Although the policy is more starkly worded than most, it doesn't differ in essentials from those presently in force at other universities, or in the corporate world. It appears that under current law, a company-owned computer has the same status as a company-owner meat slicer or drill press. The same managers and administrators who would be prohibited from opening snail-mail sent or received by employees, or from listening to their telephone conversations without their permission, can legally read any employee's email whenever they feel like it.
I might add that from Shelby Thames' point of view, as revealed in the open hearing on April 28, it would seem that merely using university computers to send emails inquiring about Angeline Dvorak's credentials or making negative comments about Shelby Thames' performance constituted a"misuse of university equipment." Thames took the greatest offense, in his testimony, at the low opinion of him expressed in some of Gary Stringer's emails.
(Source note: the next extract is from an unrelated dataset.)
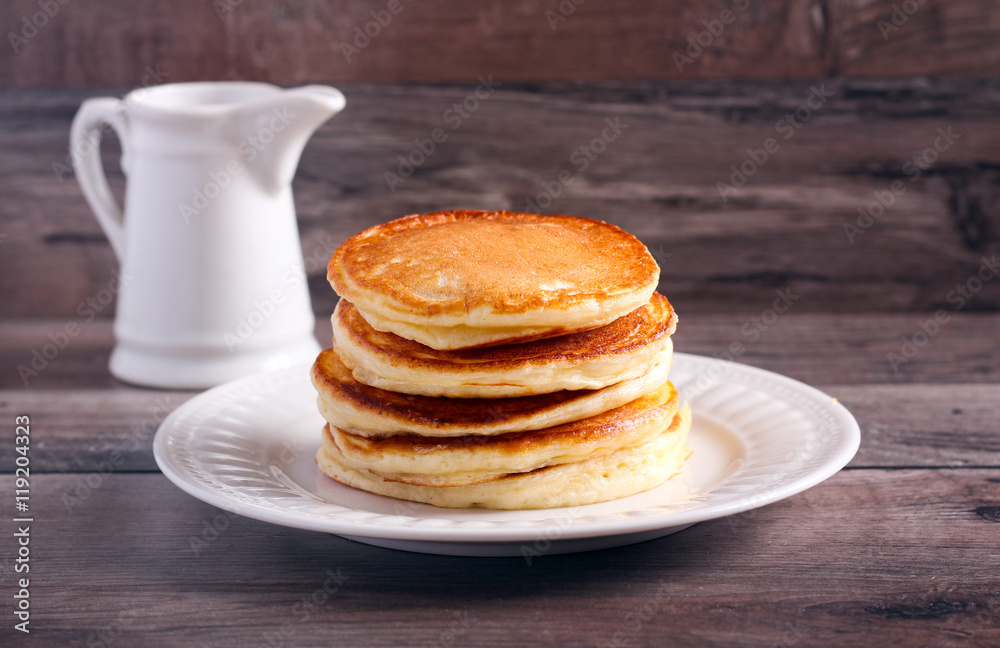 Stack of classic pancakes on plate Stack of classic pancakes on plate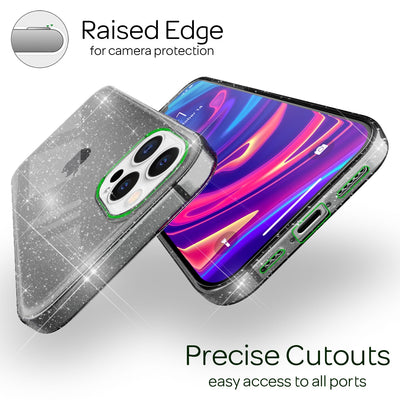 NALIA Glitzerhülle für iPhone 13 Pro – Funkelndes Silikon Case – DAZZLIN (Transparent & Stoßfest) – Marke aus Berlin Schwarz NALIA Transparente Hülle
Under the Computer Use Policy currently in force, the expression in email of any sentiment not approved by Shelby Thames could be taken to constitute misuse of university equipment.
From a legal standpoint the USM Computer Use Policy would presumably pass muster. (I leave aside the issues raised by Thames' monitoring of student emails, which his April 28 testimony revealed he was also doing.) But an organization in which management retains the power to read every employee's email is an organization in which management is proclaiming that it trusts no employee and brooks no criticism or dissent from any employee. Indeed the prevalent reaction to Thames' email surveillance, from the media and the public, has been revulsion. Marshall Ramsey's May 22 cartoon in the Jackson Clarion-Ledger says it all. (For those who have not been following the saga, Larry Templeton is the Athletic Director at Mississippi State; around May 19 his performance seemed to be a much more urgent concern to the ruling clique on the state College Board than Shelby Thames' was.)
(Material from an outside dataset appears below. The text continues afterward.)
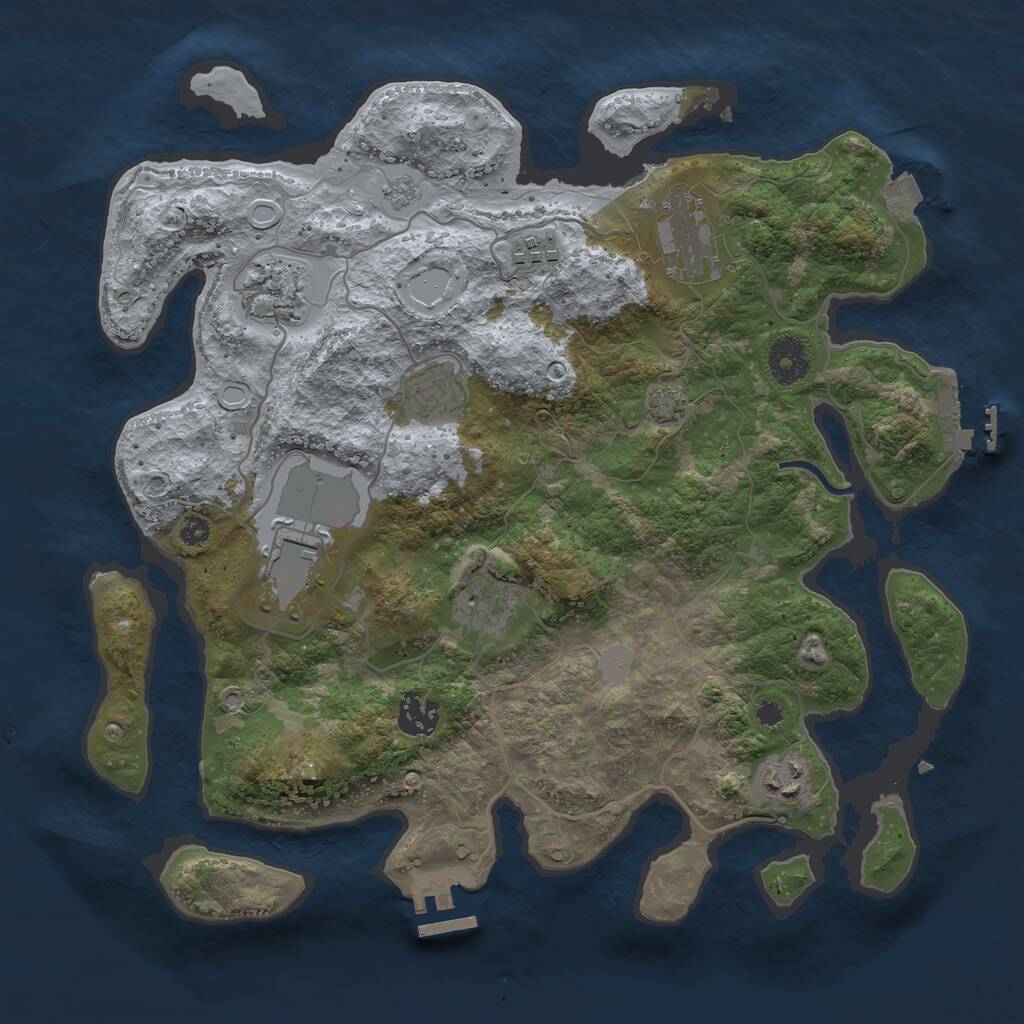 Rust Map: Procedural Map, Size: 3500, Seed: 645712073, 13 Monuments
So here, you would think, is a golden opportunity for the faculty of USM, via their respresenatives in the Faculty Senate, to put forward a model electronic communications policy for the university. The question is not what is allowed under current law. What matters is what kinds of rules should be followed and what kinds of practices ought to prevail in a good organization.
In fact, a simple, bold, clear policy could be formulated: Email sent and received on university computers is presumed private. Neither email surveillance nor copying of hard drives nor seizure of computers will take place, except when the university is cooperating with a law enforcement agency in investigating a violation of the law. And in those cases, a public announcement as to who was subject to email surveillance, over what period of time, will be made as soon as charges are brought against the individual, or the decision is made not to bring any. Actions taken in violation of the new policy by any university employee, including the president, will constitute grounds for termination.
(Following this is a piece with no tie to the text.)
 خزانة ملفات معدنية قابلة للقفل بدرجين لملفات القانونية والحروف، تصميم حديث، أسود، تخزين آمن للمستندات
Of course, Shelby Thames will accept such a policy over his dead body. But that does not matter, for even if he could somehow be prevailed on to accept the policy, no one would ever trust him to abide by it. The important consequence is this: once the policy has been put in front of him, Thames, his flunkies, and his political sponsors will bear the burden of explaining, to the media and to the public, why they are rejecting it. Meanwhile the faculty can make endorsing the new policy a condition of acceptability for any new President of USM.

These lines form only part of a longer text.